Transference, projection and projective identification are just like when we go home for the holidays and we find ourselves regressing, often to our dismay acting the way other people expect us to and the way we fear we will, the way we did when we were younger. It's especially powerful when the whole family is wrapped up in the process, creating a web of distortion without anyone stepping back and wondering what is really going on.
The therapist, in parallel with transference, has "countertransference"—at times experiencing the patient in distorted ways based on the powerful influence of the transference, as well as the therapist's own developmental experiences. However, the therapist, through training and their own therapy, has presumably learned to an extent how to separate the "fantasy" components of countertransference from the "reality" of the situation. If caught up in repeating dynamics, the therapist especially early on in treatment takes the lead in recognizing enactments while they are happening or afterward, and has permission to comment about what happened, how it felt, what it meant, and make connections with past and current experiences. This capacity to "make use of the countertransference", represents a fourth position which I like to call the “activist” position. As therapy progresses, both the patient and the therapist share the job of reflecting on what has happened, a capacity which grows with time and practice.

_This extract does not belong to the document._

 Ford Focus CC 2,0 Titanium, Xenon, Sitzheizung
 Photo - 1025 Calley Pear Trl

The activist position is a place from which thinking and reflection can take place, a vantage point of relative sanity in which emotions and thoughts can connect. Rather than being all-encompassing, emotional reactions are held in a reflective space where they can be useful. Rather than either overwhelming and destroying the relationship, or being completely numbed or pushed out of awareness (dissociated), emotions are married with thinking to make sense of otherwise confusing and disturbing interactions which if unchecked would lead to rupture and isolation, rather than repair and mutuality.

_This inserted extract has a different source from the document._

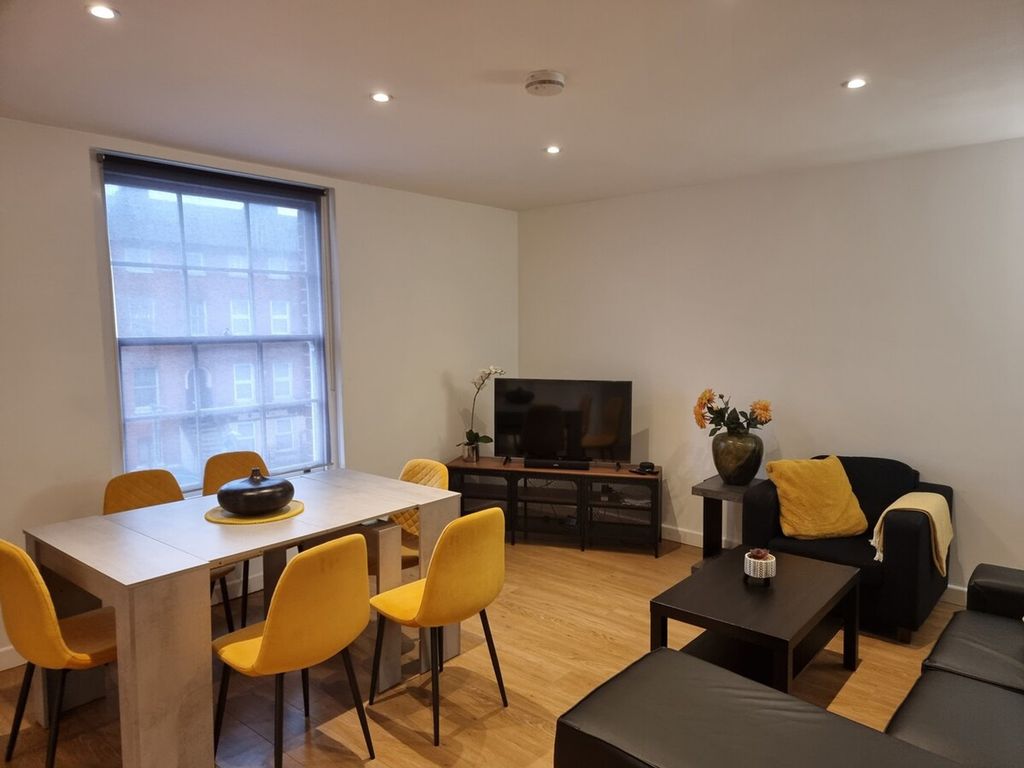 Property photo 1 of 23 Living Room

It is indeed a very active position, as it requires more mental and emotional work than taking the other person's behavior at face value does. Seeing the other person in a simplistic way, as being controlling or too passive, for example, provides the relief of a quick answer, but is often overly simplistic and leads to no positive change. The activist position is therefore very different from trying to be a cardboard cutout "rescuer" or "fixer", and is a position which can be shared. The goal is for both people involved (or all people in the case of a family or other group) to reach the point where they are able to reflect together on what is happening, make connections with their own experiences without accusing the other(s) of being to blame, and engage in the collaborative effort required to make use of challenging experiences, rather than taking the more familiar path of maintaining the status quo.